While Sri Lankan critics consider Channel 4 exposés timed to coincide with UNHRC or UN sessions some grave moral crime, they seem to forget that our governments have been doing the same thing for years.

Just before UNHRC meetings or an occasion on which Sri Lanka is likely to be on centre stage, relevant ministers and their officials hold briefings to present its side of the story in the hope that it will minimise international criticism.

Days before Channel 4 surfaced with its controversial documentary, Foreign Minister Ali Sabry, with Justice Minister Wijeyadasa Rajapakshe in tow, held a briefing session for Colombo-based diplomats on the new Anti-Terrorism Bill that is intended to replace the old PTA which has been a subject of mounting criticism at the UNHRC sessions and its resolutions for years.

This particular diplomatic briefing was to convince the international community that the despised and oppressive old PTA will be replaced by a new law drafted after public consultation and respecting Sri Lanka’s international obligations.

Those concerned about truth forget that Foreign Minister Ali Sabry avoided telling the truth. The public consultations came long after the original bill was battered locally and internationally for empowering authorities to systematically violate fundamental human rights and breach international laws and norms. Besides it was condemned for its crude drafting and lack of clear definitions.

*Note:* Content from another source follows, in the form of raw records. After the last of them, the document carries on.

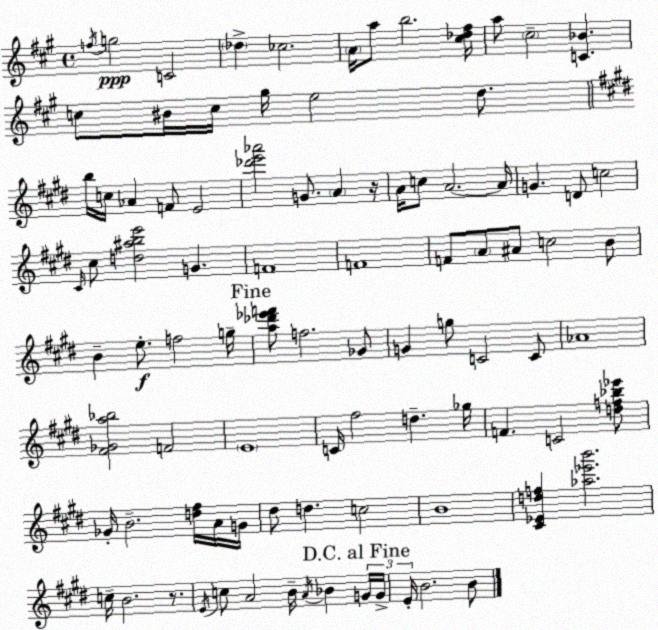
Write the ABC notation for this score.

X:1
T:Untitled
M:4/4
L:1/4
K:A
f/4 g2 C2 _d _c2 A/4 a/2 b2 [^c_d^f]/4 a/2 ^c2 [C_B] c/2 ^B/4 c/4 ^g/4 e2 d/2 b/4 c/4 _A F/2 E2 [_d'e'_a']2 G/2 A z/4 A/4 c/2 A2 A/4 G D/2 c2 ^C/4 ^c/2 [d^abe']2 G F4 F4 F/2 A/2 ^A/2 c2 B/2 B e/2 f2 g/4 [a_d'_e'f']/2 f2 _G/2 G g/2 C2 C/2 _A4 [^F_Ga_b]2 F2 E4 C/4 ^f2 d _g/4 F C2 [df_b_e']/2 _G/4 B2 [d^f]/4 A/4 G/4 ^d/2 d c2 B4 [^C_Edf] [_a_e'b']2 c/4 B2 z/2 E/4 c/2 A2 B/4 A/4 _B G/4 G/4 E/4 B2 B/2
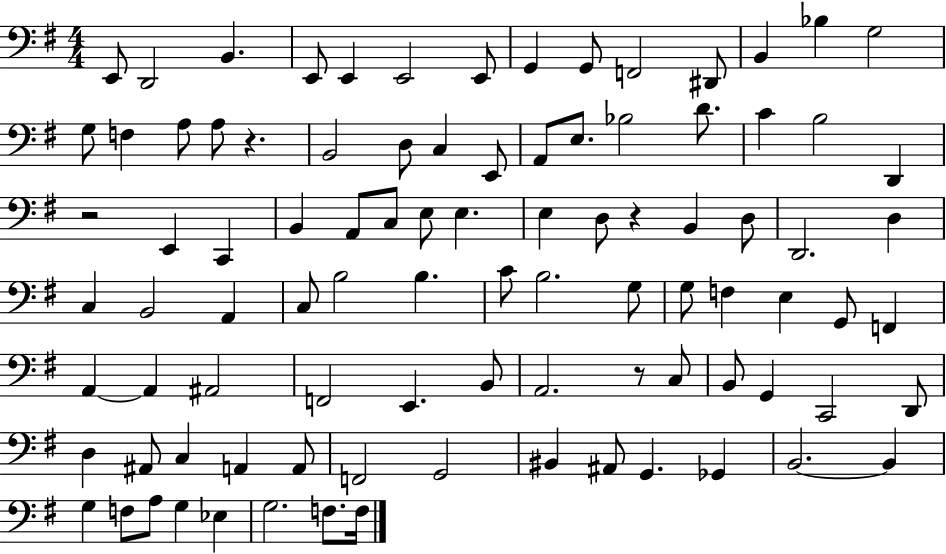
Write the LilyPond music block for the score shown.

{
  \clef bass
  \numericTimeSignature
  \time 4/4
  \key g \major
  \repeat volta 2 { e,8 d,2 b,4. | e,8 e,4 e,2 e,8 | g,4 g,8 f,2 dis,8 | b,4 bes4 g2 | \break g8 f4 a8 a8 r4. | b,2 d8 c4 e,8 | a,8 e8. bes2 d'8. | c'4 b2 d,4 | \break r2 e,4 c,4 | b,4 a,8 c8 e8 e4. | e4 d8 r4 b,4 d8 | d,2. d4 | \break c4 b,2 a,4 | c8 b2 b4. | c'8 b2. g8 | g8 f4 e4 g,8 f,4 | \break a,4~~ a,4 ais,2 | f,2 e,4. b,8 | a,2. r8 c8 | b,8 g,4 c,2 d,8 | \break d4 ais,8 c4 a,4 a,8 | f,2 g,2 | bis,4 ais,8 g,4. ges,4 | b,2.~~ b,4 | \break g4 f8 a8 g4 ees4 | g2. f8. f16 | } \bar "|."
}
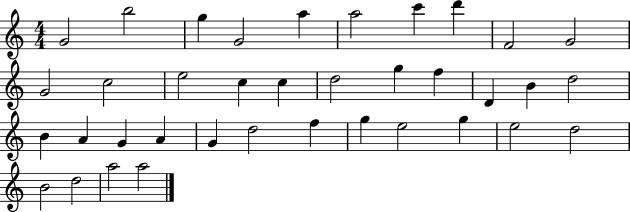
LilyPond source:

{
  \clef treble
  \numericTimeSignature
  \time 4/4
  \key c \major
  g'2 b''2 | g''4 g'2 a''4 | a''2 c'''4 d'''4 | f'2 g'2 | \break g'2 c''2 | e''2 c''4 c''4 | d''2 g''4 f''4 | d'4 b'4 d''2 | \break b'4 a'4 g'4 a'4 | g'4 d''2 f''4 | g''4 e''2 g''4 | e''2 d''2 | \break b'2 d''2 | a''2 a''2 | \bar "|."
}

Under attack from multiple sources an embarrassed Minister Rajapakshe held back the draft and only then were discussions with civil society organisations and professionals held, not before as Ali Sabry conveniently purports as though the diplomats were ignorant of it.

The point is that this is not the first time our foreign ministers have timed briefing diplomats ahead of the UNHRC session where Sri Lanka is under scrutiny.

If the government can do so, why is it considered an act of gross turpitude for the media to do so?

(Neville de Silva is a veteran
Sri Lankan journalist who was Assistant Editor of the Hong Kong Standard and worked for Gemini News Service in London. Later,
he was Deputy Chief-of-Mission in Bangkok and Deputy High Commissioner in London.)